👋! I am a second year PhD Economics Student at the University of Oregon, Eugene, USA.
Background:
I have a MPhil 🎓 in Economics from the University of Oxford, UK where I received the Oxford-Sir Anwar Pervez Graduate Scholarship and a BSc 🎓 in Economics and Mathematics from Lahore University of Management Sciences (LUMS), Pakistan.
I have worked at the Institute of Business Administration (IBA), Karachi as a Lecturer of Economics during 2020-2021 and at PIDE (Pakistan Institute of Development Economics), Islamabad as a research fellow during 2021-2024. I also worked with the Asian Development Bank as a consultant during Janurary-June 2024.
Research Interests 🔬:
My research interests lie in the following areas:
➜ Identifying monetary policy shocks and their tranmission effects in cross-country, panel data environments.
➜ Understanding the structure of international connectedness of private and central banks by using network science.
➜ New Keynesian Models With Non-Standard Learning and Expectation Assumptions.
Firstly, I use empirical macroeconomic tools such as structural VARs, bayesian VARS and local projections to estimate the transmission channels of monetary policy in both advanced and emerging economies.

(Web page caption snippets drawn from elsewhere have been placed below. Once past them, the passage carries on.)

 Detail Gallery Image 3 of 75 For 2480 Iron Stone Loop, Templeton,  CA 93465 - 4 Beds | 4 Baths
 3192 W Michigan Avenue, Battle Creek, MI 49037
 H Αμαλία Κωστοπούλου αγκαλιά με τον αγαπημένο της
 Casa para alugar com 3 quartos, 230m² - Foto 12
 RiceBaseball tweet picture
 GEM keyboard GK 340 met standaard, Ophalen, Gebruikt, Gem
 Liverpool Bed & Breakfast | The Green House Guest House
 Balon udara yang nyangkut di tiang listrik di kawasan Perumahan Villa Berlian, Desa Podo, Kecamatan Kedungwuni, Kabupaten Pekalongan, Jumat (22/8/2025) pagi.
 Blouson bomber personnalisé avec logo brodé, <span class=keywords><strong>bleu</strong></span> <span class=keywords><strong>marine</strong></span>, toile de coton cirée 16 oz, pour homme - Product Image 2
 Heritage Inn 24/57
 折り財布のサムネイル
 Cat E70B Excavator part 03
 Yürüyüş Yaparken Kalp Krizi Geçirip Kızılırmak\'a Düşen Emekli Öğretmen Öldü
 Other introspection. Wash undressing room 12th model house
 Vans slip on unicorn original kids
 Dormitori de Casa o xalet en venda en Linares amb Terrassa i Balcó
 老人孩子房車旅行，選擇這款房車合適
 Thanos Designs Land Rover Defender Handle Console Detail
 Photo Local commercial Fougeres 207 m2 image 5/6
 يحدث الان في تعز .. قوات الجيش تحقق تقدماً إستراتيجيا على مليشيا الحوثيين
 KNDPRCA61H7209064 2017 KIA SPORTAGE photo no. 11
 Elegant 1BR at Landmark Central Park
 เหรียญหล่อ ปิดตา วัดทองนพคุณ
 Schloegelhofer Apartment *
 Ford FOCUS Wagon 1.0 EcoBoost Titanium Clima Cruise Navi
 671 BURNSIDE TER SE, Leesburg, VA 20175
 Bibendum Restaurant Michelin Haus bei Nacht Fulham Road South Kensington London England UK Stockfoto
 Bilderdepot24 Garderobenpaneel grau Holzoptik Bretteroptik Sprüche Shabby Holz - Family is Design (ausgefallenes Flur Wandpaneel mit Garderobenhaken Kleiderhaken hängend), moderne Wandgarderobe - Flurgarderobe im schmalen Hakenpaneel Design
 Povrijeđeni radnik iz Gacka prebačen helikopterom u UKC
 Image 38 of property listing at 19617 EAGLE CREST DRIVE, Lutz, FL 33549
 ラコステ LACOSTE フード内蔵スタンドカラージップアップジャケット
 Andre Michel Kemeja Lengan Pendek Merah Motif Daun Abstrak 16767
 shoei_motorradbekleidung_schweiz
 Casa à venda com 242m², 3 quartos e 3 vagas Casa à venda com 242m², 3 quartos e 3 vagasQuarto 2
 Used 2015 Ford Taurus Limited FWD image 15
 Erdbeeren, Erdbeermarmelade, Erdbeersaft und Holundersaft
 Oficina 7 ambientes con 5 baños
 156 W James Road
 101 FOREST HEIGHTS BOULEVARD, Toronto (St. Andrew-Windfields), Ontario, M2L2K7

I have worked on papers which measure how monetary transmission effects vary based on the degree of central bank independence, inflation targeting regime status and around election cycles/other political economy factors. I am currently working on identiying global monetary coordination shocks around BIS meeting periods.
Secondly, I am fascinated about the network structure of international and intra-national links across private banks and networks among central banks of various nations, where the central nodes are large American banks and the US Federal Reserve System. Understanding this system is critical for effective global coordination of monetary policies for the management of business cycle fluctuations on the planet.
I am also interested in heterogeneous expectation models, where expectations are diverse across agents and converge only with delay and under some psychologocial zeitgeists. Optimal monetary policy designs are thus, a function of which expectation formation assumptions are made.
Research Skills:
➜ I am proficient in many empirical macroeconomic tools such as the VAR toolkit and machine learning algorithms.
➜ I can build, solve and calibrate small and medium-scale DSGE models using MATLAB, Julia and DYNARE.
➜ I can code in R, MATLAB, Julia, Python, and STATA environments with higher order expertise in R and Julia.